The fourth source of genetic variability arises from genes encoding drug-specific metabolic factors and receptors; while polygenic in architecture, some of the drug-specific single loci may exert relatively large effects. For instance, the effect sizes of variants in alcohol metabolizing enzymes166 can approach those seen for the apolipoprotein e4 variant and Alzheimer disease risk167. Studying such pronounced (but scarce) genetic effects alongside polygenic patterns of common and drug-specific genetic risk requires novel statistical approaches that can handle mixtures of distributions of genetic effect sizes and conditional analyses. Drug-specific loci that encode the neurotransmitter targets for a drug are, however, rarely so specific. For instance, the rs16969968 variant in CHRNA5, encoding a nicotinic receptor, was shown to be highly significant for tobacco use phenotypes and also associated with schizophrenia and educational attainment168,169. Neuroimaging studies of this variant (rs16969968) have linked the risk allele to greater hippocampal activation in response to smoking cues170 and with reduced resting-state connectivity between the dorsal ACC and the ventral-striatopallidal circuit171 but with null effects on brain differences in light smoking adolescents172. Drug-specific loci also capture some variability in responses to existing treatments for addiction but findings are mixed173 and specific GWASs of pharmacogenomics response are needed174. Notably, drug-specific loci are evident in GWASs of both substance use and addiction (for example, the rs1229984 variant in ADH1B is significant for typical, maximum habitual and problem and/or disordered drinking)47,50,175, suggesting that their influence on addiction may be routed via their regulation of substance consumption and the subjective, and possibly interoceptive, effects associated with use176–179. Therefore, in the GINA model, we place drug-specific polygenic liability in the context of exposure, and most notably, heavy episodic and heavy sustained use (Fig. 4), where it regulates subjective response and sets the pace for entry into, and progression within, the three-stage addiction model.
Brain substrate
The GINA model provides a framework for gene–brain–addiction mechanisms from which we can develop testable hypotheses. For example, polygenic liability to executive function deficits might modify prefrontal regulatory capacity and, in turn, potentiate preoccupation with drugs. It would, however, be reductive to assume a one-to-one correspondence between polygenic liability, brain region and behavioral manifestation. For instance, it is highly likely that striatal circuitry is sensitive to the stages of addiction that evoke positive urgency and that polygenic liability to risk-taking as well as executive function (that is, undercontrol) undergird positive urgency. Polygenic liability to risk-taking is also likely to contribute to other stages of substance use and addiction (such as relapse)180 and to affect other brain regions beyond striatal regions (Fig. 4). Multi-method studies that integrate polygenic risk with whole brain and multivariate behavioral phenotypes will be necessary to broaden the scope of gene–brain–addiction connections. For example, machine learning [G] based approaches coupled with large-scale data181 could be used to perform a systematic, data driven study of the complexity underlying the GINA model.
Environmental filter.
While not detailed in this Perspective, the GINA model incorporates environment as the filter through which addiction emerges. Similar to genetics, some environmental factors (such as life stress) will generalize across substances and other psychopathology while others (such as policy, taxation and distance to alcohol outlet) are likely to be more substance-specific (although policies do have cross-cutting effects182). A proportion of the environmental impact on addiction also involves neurobiological mechanisms. For instance, trauma (especially when occurring during early life) is associated with brain development and exacerbates addiction risk183–185. However, the environment and genetic susceptibility may be related. Some traumatic experiences are correlates of genetic risk (such as passive exposure to early adverse environments that are a product of parental genotype), while others are modifiers of polygenic liability (such as trauma that moderates polygenic liability to addiction) and gene expression (such as trauma-induced epigenetic changes)186–189.
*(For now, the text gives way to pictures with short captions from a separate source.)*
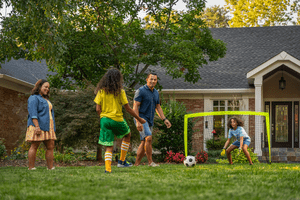 Family playing soccer outside in their yard. 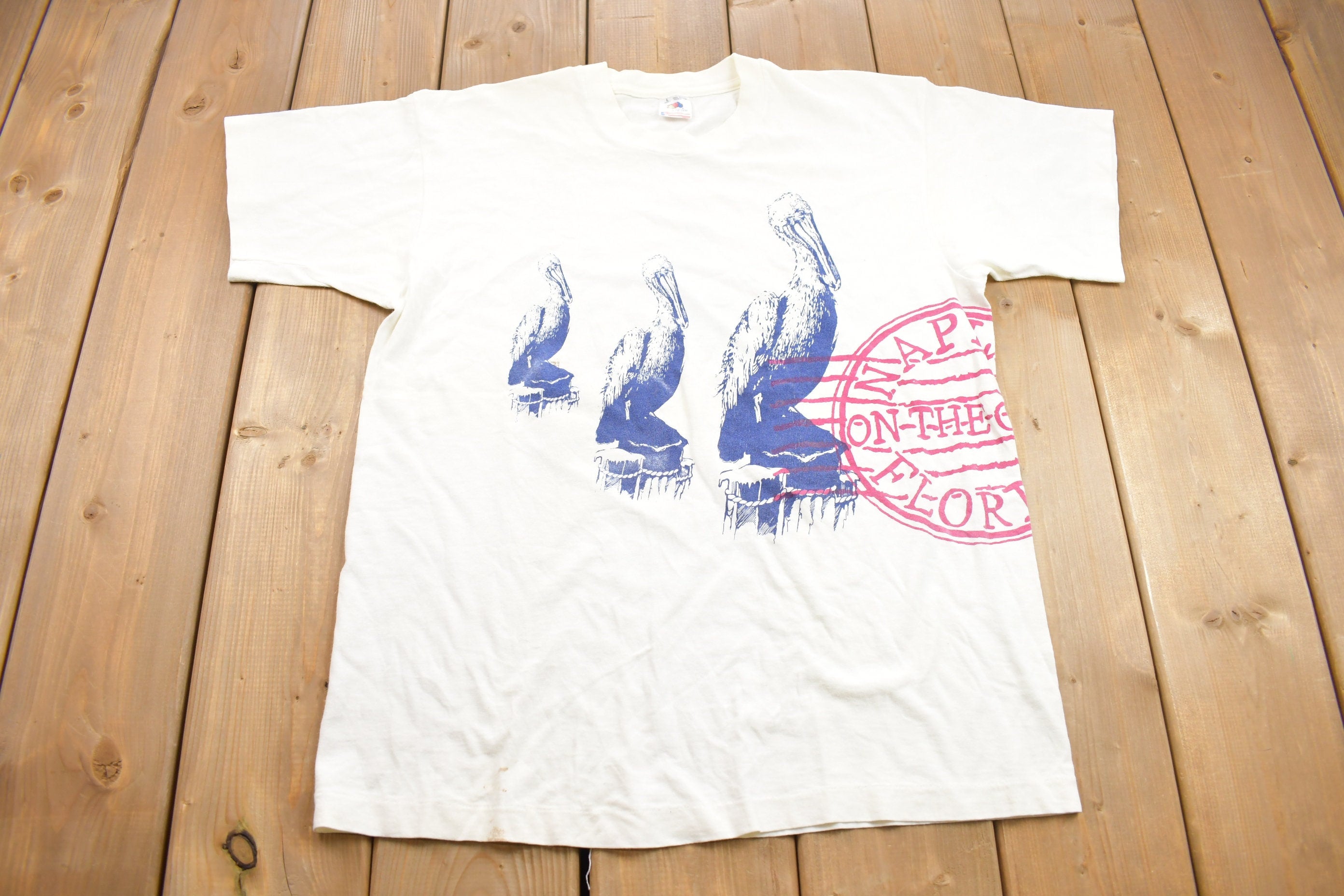 Vintage 1990s Naples Gulf of Florida Pelicans Graphic T-Shirt
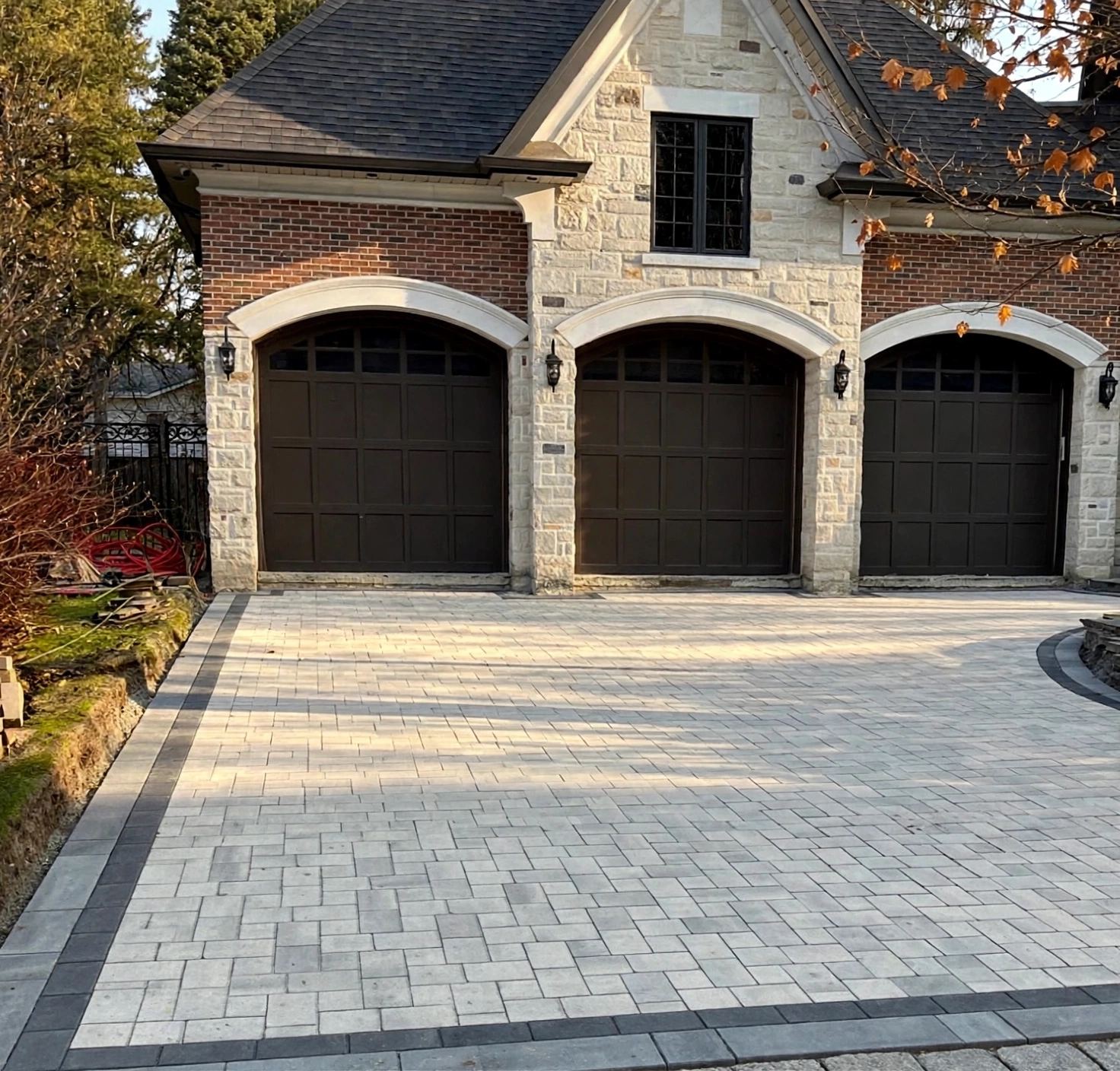 Design concept — finished heated driveway visualization with light-grey interlock pavers and charcoal border accents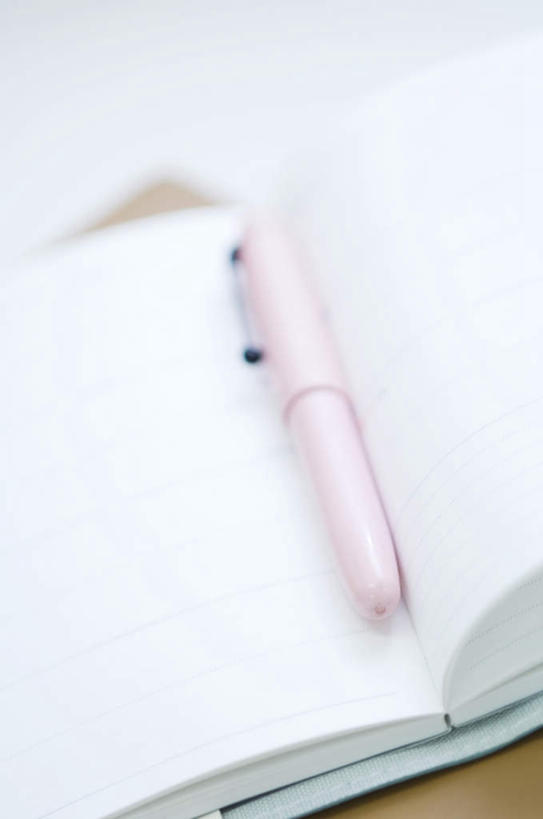 无人,竖图,俯视,室内,特写,白天,桌子,阴影,朦胧,模糊,光线,笔,影子,办公桌,办公用品,钢笔,记事本,文具,粉色,阳光,本子,笔记本,学习用品,打开,文具用品,一支,开启,彩图,高角度拍摄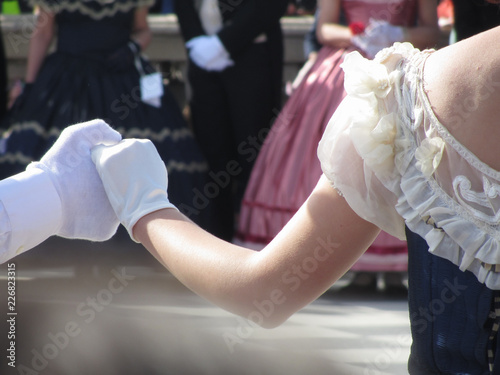 Close up of couple hands in white gloves during historical dance . Loveliness and prettiness couple of dancers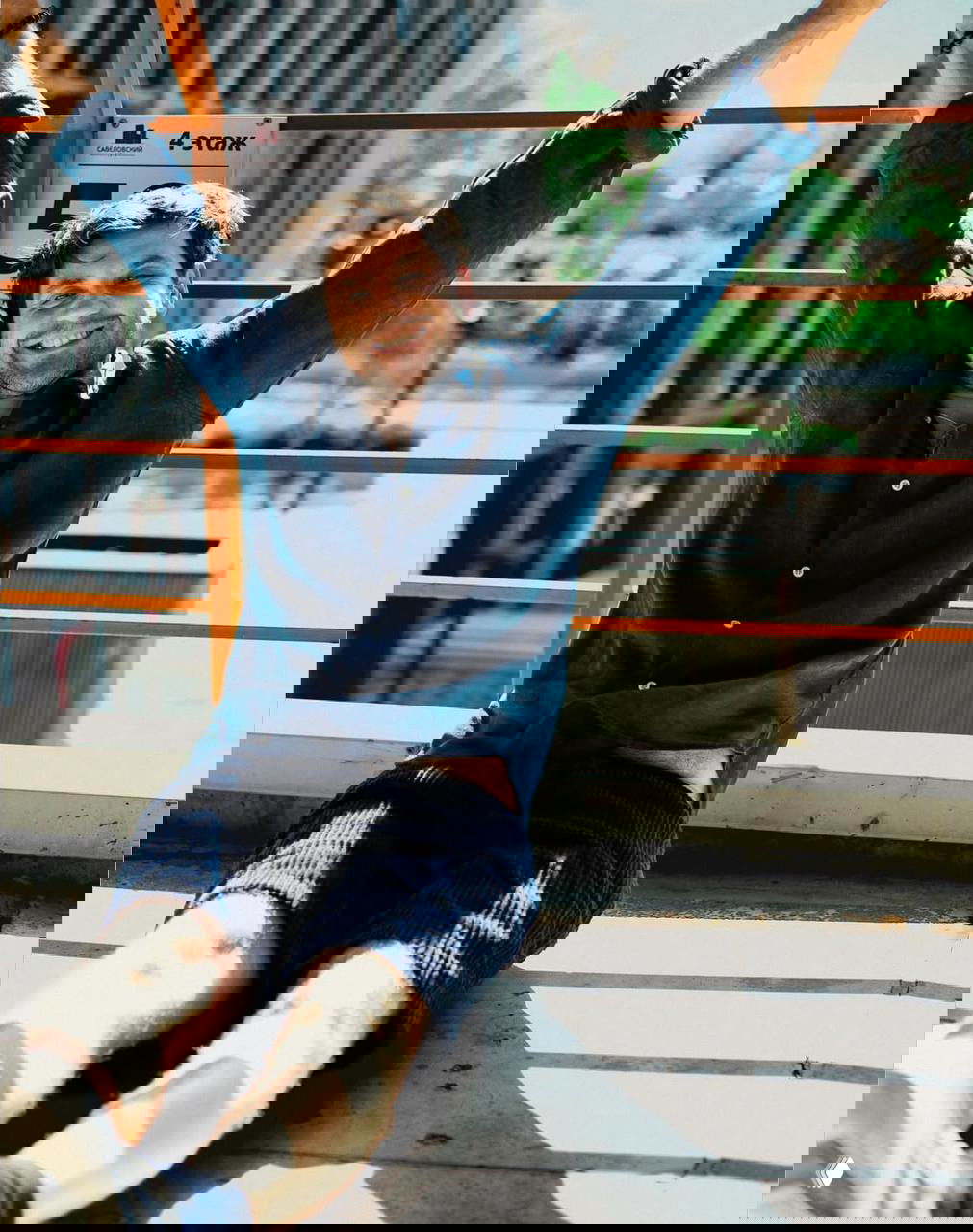 Мужчина в синей рубашке и шортах сидит на открытой площадке, тянет руки вверх и улыбается; летний непринуждённый портрет на балконе.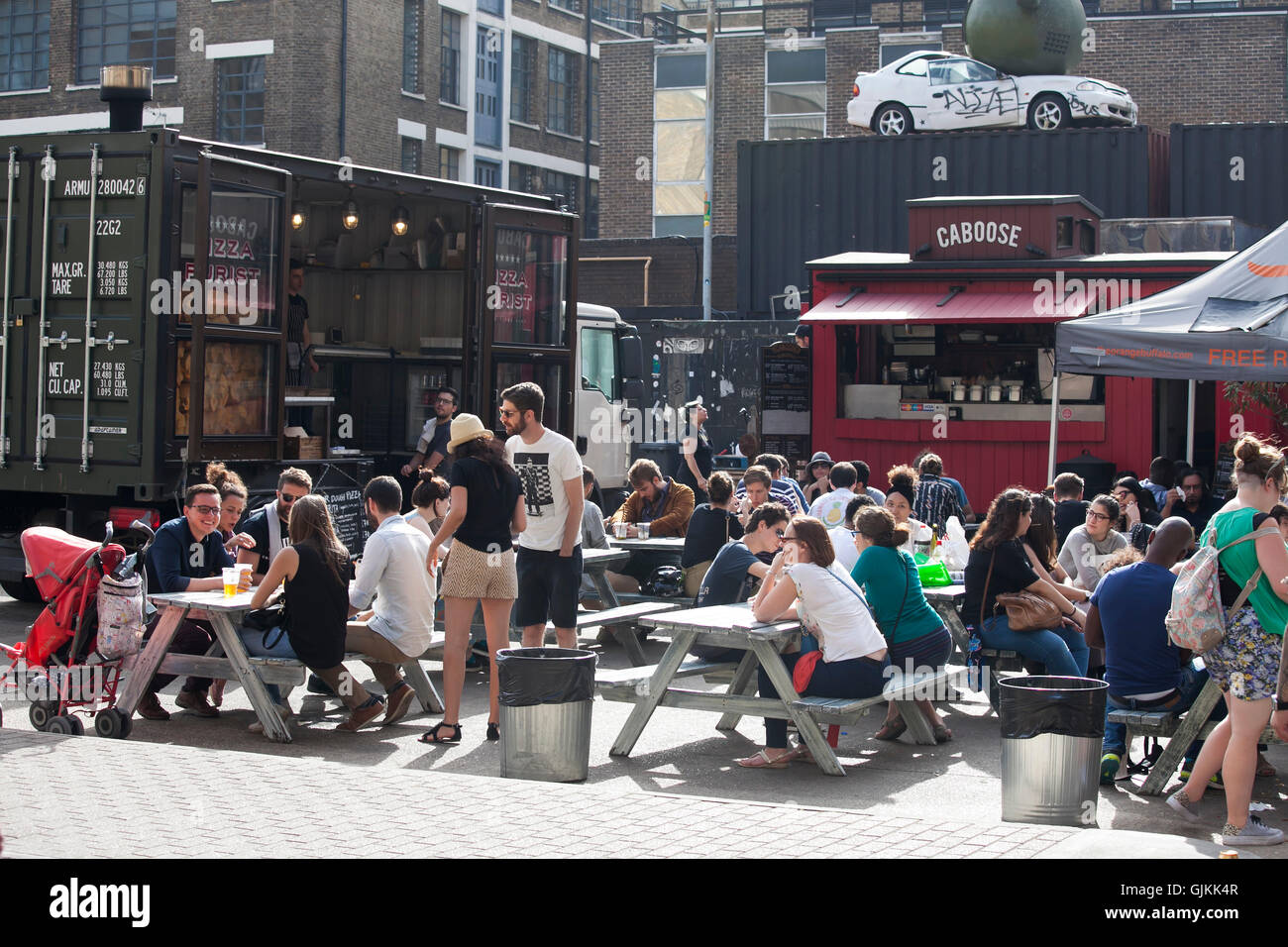 eine bunte Menge von East London außerhalb der Kneipe ein Bier trinken. Stockfoto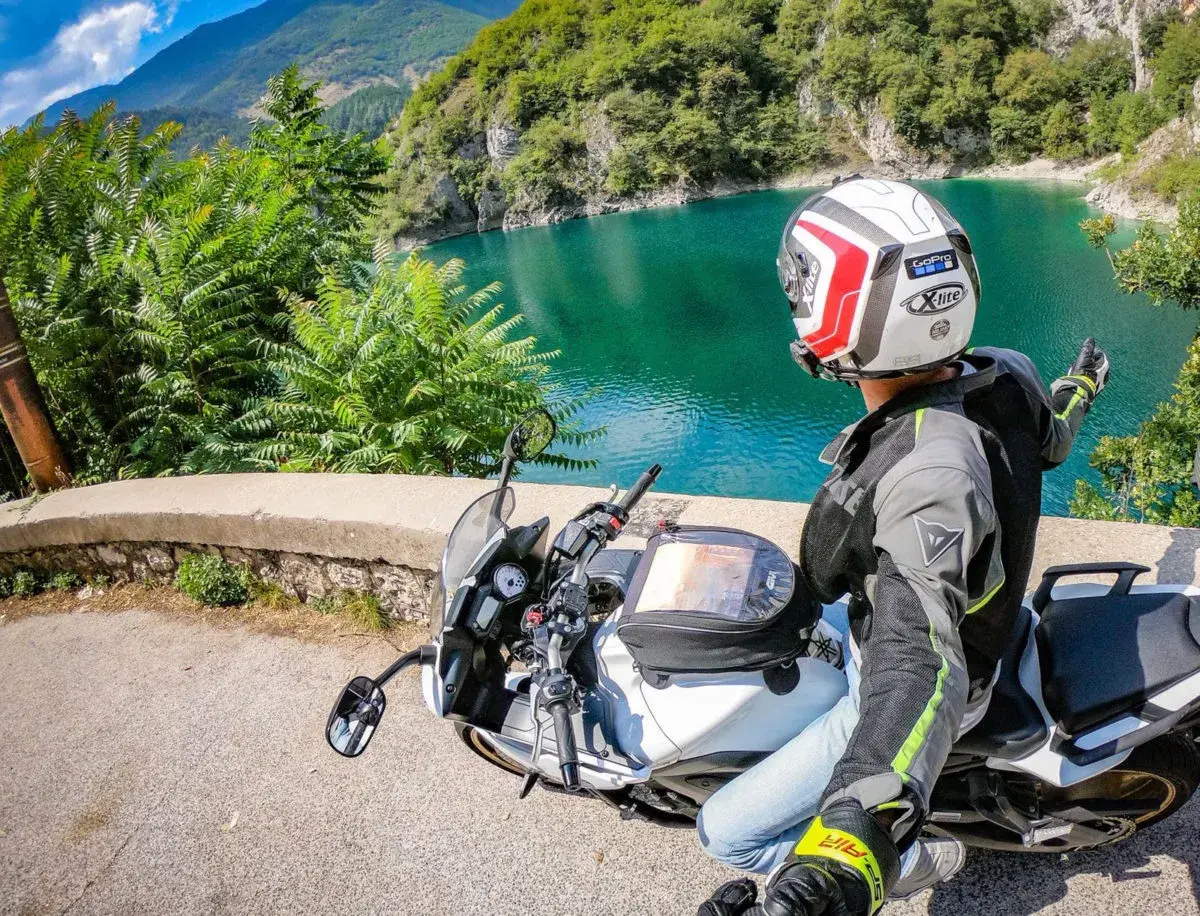 Weekend in moto nel Nord Italia: un motociclista ammira un lago alpino turchese, con montagne verdi sullo sfondo.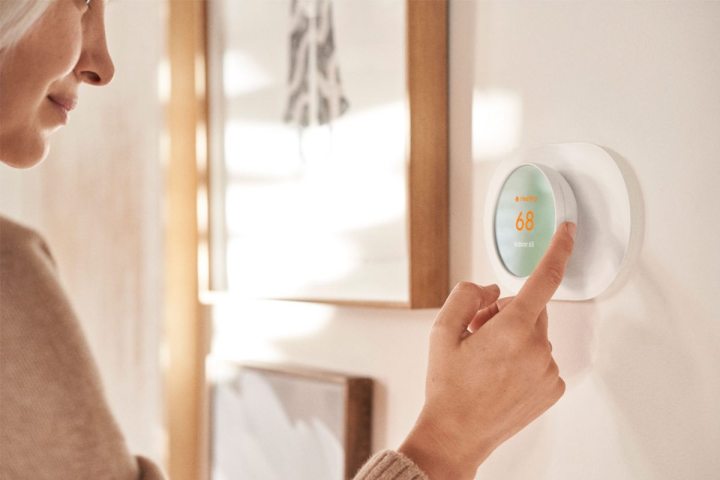 Woman adjusting a Google Nest Smart Programmable Wifi Thermostat. 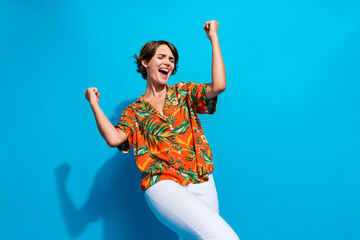 Canvas Print - Photo of cheerful overjoyed satisfied person closed eyes raise fists shout yeah isolated on blue color background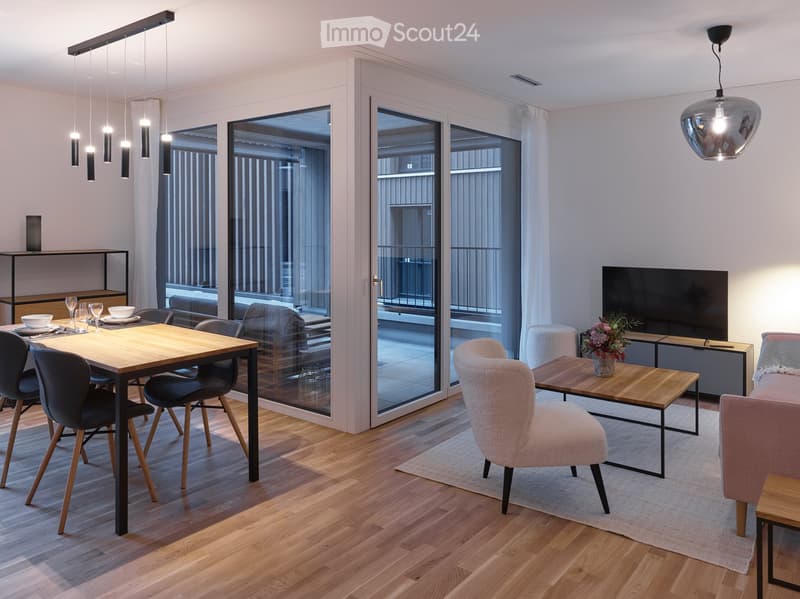 Modern open-plan living and dining area with wooden flooring, large windows, and a balcony view. Features a sofa, coffee table, dining table with chairs, and a TV stand.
Characterizing addiction in the GINA model.
The GINA model characterizes addiction as a transition from episodic to sustained heavy use in the context of emerging negative affect and preoccupation (Fig. 4). From a diagnostic perspective, this coincides with moderate and severe SUD, as defined in DSM-5190. Recently, individuals endorsing between 2 to 5 DSM-5 criteria (mild or moderate SUD) were classified as being in a high-risk, sub-threshold state of preaddiction191 (similar to pre-diabetes) where interventions may be maximally beneficial. While the GINA model is more closely aligned with addiction per se, those with the higher preaddiction scores, depending on their individual symptomatology, may well be described by the GINA model. While reminiscent of the three-stage neurobiological model, the GINA model separates the broader binge-intoxication stage into heavy use that is either episodic or sustained. The former represents intermittent reward-motivated accelerations in use (such as alcohol consumption in college students) and may also capture mild SUDs as defined in DSM-5 192 and thus, is somewhat distinct from addiction. The latter represents the form of escalating chronic use that aligns with current conceptualizations of heavy use in the context of addiction. While behaviorally distinct, these aspects of binge-intoxication may share genetic and neurobiological contributors.
Characterizing substance use in the GINA model.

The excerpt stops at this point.